*Exercise*. Please reproduce every entry below without omitting a single line.
Exercise materials section start
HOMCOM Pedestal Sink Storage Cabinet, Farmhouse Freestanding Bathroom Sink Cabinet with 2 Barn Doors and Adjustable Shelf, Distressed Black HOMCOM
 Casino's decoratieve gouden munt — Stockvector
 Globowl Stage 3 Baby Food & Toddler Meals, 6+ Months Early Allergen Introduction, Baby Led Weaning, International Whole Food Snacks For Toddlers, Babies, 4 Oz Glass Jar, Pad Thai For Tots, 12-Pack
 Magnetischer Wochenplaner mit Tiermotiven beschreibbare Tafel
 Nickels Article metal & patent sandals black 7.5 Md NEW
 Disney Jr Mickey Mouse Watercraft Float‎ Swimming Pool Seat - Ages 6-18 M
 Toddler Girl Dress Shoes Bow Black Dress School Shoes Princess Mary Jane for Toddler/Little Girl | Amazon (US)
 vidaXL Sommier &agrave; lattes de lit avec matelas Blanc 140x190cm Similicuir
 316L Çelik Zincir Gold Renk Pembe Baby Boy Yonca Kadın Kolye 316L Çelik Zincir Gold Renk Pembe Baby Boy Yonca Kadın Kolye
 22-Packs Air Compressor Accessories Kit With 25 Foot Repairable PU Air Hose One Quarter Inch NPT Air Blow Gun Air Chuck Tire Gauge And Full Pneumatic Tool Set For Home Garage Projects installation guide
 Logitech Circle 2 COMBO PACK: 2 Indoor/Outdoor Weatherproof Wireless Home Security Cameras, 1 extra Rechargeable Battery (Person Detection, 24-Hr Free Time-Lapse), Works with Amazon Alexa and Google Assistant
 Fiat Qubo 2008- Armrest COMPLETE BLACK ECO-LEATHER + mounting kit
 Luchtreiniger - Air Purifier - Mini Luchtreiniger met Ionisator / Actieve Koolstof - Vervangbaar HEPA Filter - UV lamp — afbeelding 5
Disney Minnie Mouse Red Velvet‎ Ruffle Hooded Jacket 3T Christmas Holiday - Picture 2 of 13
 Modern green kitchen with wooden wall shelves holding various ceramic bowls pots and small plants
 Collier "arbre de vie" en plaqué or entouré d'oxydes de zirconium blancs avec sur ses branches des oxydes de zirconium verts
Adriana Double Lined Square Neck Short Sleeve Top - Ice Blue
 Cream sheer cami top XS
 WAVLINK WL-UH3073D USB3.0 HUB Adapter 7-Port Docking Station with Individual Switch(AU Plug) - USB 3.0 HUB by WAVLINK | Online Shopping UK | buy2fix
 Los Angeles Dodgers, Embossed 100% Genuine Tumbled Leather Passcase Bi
Exercise materials section end
*Answer box*.
HOMCOM Pedestal Sink Storage Cabinet, Farmhouse Freestanding Bathroom Sink Cabinet with 2 Barn Doors and Adjustable Shelf, Distressed Black HOMCOM
 Casino's decoratieve gouden munt — Stockvector
 Globowl Stage 3 Baby Food & Toddler Meals, 6+ Months Early Allergen Introduction, Baby Led Weaning, International Whole Food Snacks For Toddlers, Babies, 4 Oz Glass Jar, Pad Thai For Tots, 12-Pack
 Magnetischer Wochenplaner mit Tiermotiven beschreibbare Tafel
 Nickels Article metal & patent sandals black 7.5 Md NEW
 Disney Jr Mickey Mouse Watercraft Float‎ Swimming Pool Seat - Ages 6-18 M
 Toddler Girl Dress Shoes Bow Black Dress School Shoes Princess Mary Jane for Toddler/Little Girl | Amazon (US)
 vidaXL Sommier &agrave; lattes de lit avec matelas Blanc 140x190cm Similicuir
 316L Çelik Zincir Gold Renk Pembe Baby Boy Yonca Kadın Kolye 316L Çelik Zincir Gold Renk Pembe Baby Boy Yonca Kadın Kolye
 22-Packs Air Compressor Accessories Kit With 25 Foot Repairable PU Air Hose One Quarter Inch NPT Air Blow Gun Air Chuck Tire Gauge And Full Pneumatic Tool Set For Home Garage Projects installation guide
 Logitech Circle 2 COMBO PACK: 2 Indoor/Outdoor Weatherproof Wireless Home Security Cameras, 1 extra Rechargeable Battery (Person Detection, 24-Hr Free Time-Lapse), Works with Amazon Alexa and Google Assistant
 Fiat Qubo 2008- Armrest COMPLETE BLACK ECO-LEATHER + mounting kit
 Luchtreiniger - Air Purifier - Mini Luchtreiniger met Ionisator / Actieve Koolstof - Vervangbaar HEPA Filter - UV lamp — afbeelding 5
Disney Minnie Mouse Red Velvet‎ Ruffle Hooded Jacket 3T Christmas Holiday - Picture 2 of 13
 Modern green kitchen with wooden wall shelves holding various ceramic bowls pots and small plants
 Collier "arbre de vie" en plaqué or entouré d'oxydes de zirconium blancs avec sur ses branches des oxydes de zirconium verts
Adriana Double Lined Square Neck Short Sleeve Top - Ice Blue
 Cream sheer cami top XS
 WAVLINK WL-UH3073D USB3.0 HUB Adapter 7-Port Docking Station with Individual Switch(AU Plug) - USB 3.0 HUB by WAVLINK | Online Shopping UK | buy2fix
 Los Angeles Dodgers, Embossed 100% Genuine Tumbled Leather Passcase Bi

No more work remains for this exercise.